The report concluded with recommendations for oil spill prevention and mitigation. These include enhanced training for ship crews, the expansion of cellular coverage, and greater emergency towing capacity in the southern region of the inlet, where the report concluded that such capacity was lacking.

A larger change, intended to reduce the risk of oil spills by reducing the number of oil tankers, is the creation of a pipeline across Cook Inlet from the Drift River Oil Terminal to the refinery in Nikiski. Although RCAC is strongly encouraging these measures, it has neither the authority nor the budget to implement them,

“These are recommendations, and it’s up to industry to take those recommendations,” Munger said. He noted, however, that the RCAC will promote its recommendations by encouraging organizations operating in the Cook Inlet to band together for the formation of a Harbor Safety Committee.

“This will be the vehicle to move a lot of those recommendations forward,” Munger said, of the proposed committee.

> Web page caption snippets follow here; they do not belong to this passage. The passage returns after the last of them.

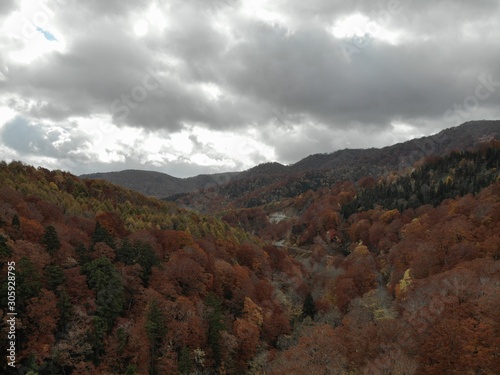 Autumn landscape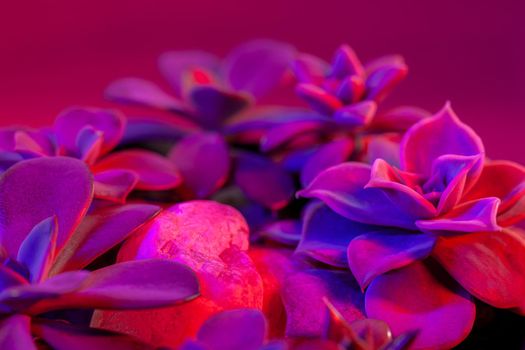 Succulent houseplants on dark pink background. Illuminated in red and blue. Close-up macro photo.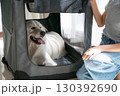 ソフトクレートに入るゴールデンレトリーバーと飼い主（ペットのしつけ・安心空間） 130392690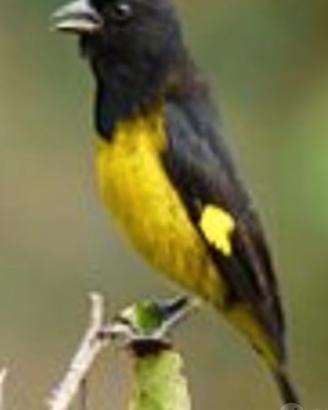 Xantogaster maschio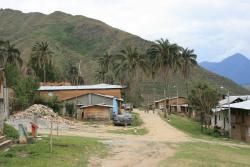 parajubaea cocoides  Ã   l'état sauvage Ã   tabaconas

Laying a foundation for that committee was the purpose of the Coast Guard presentation that followed Robertson’s report. The Coast Guard sent three members to the meeting to host this discussion.

Coast Guard Lt. Eugene Chung outlined a possible structure for a Harbor Safety Committee made of voting and non-voting members, in which the Coast Guard would belong to the latter category. In the former category he listed “port authorities, vessel owners, pilots, shipyards, labor, state and local agencies, recreational boaters, and the general public.”

“It’s not another regulatory body,” Chung said. “It’s industry players, as well as the public, getting together with state and federal agencies, to come up with non-regulatory solutions.”

During the comment period following the Coast Guard presentation, state Sen. Peter Micciche, R-Soldotna, asked what the specific purpose of the group would be.

“We’ve got the RCAC, we’ve got many NGOs (non-governmental organizations), agencies, various independent groups in various stages of organization, a lot of committees, a lot of things we have to do,” Micciche said. “What’s the goal? We’re all interested in safely operating our waterway … but is there potential for a group to be somewhat counterproductive?”

In response, Mehler emphasized the flexibility of the Harbor Safety Committee’s collaborative framework, saying that it would suit the specific needs of its members. Having an organized group such the Harbor Safety Committee, Mehler said, would improve the Coast Guard’s ability to serve Cook Inlet users.

“When you can justify a regulatory change or implementation based on the needs of a community that is going to be served by it, it makes my job easy,” Mehler said. “As the result of marine casualties, lawmakers want to put regulations out and make change. Accidents are going to happen, and if we, as users of the waterway, can have a bigger impact on mitigating and preventing those accidents, to come in with good standards instead of knee-jerk reactions and policies that are overarching over the entire industry … we can move forward with being smart, and say what are the most important priorities for Cook Inlet.”